** DATA BELOW **
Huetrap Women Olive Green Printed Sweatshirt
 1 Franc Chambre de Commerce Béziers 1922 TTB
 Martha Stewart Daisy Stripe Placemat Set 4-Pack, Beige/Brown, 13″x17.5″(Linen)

** INSTRUCTIONS TO FOLLOW **
Set down the material exactly, keeping every line.

** PROBLEM SOLUTION **
Huetrap Women Olive Green Printed Sweatshirt
 1 Franc Chambre de Commerce Béziers 1922 TTB
 Martha Stewart Daisy Stripe Placemat Set 4-Pack, Beige/Brown, 13″x17.5″(Linen)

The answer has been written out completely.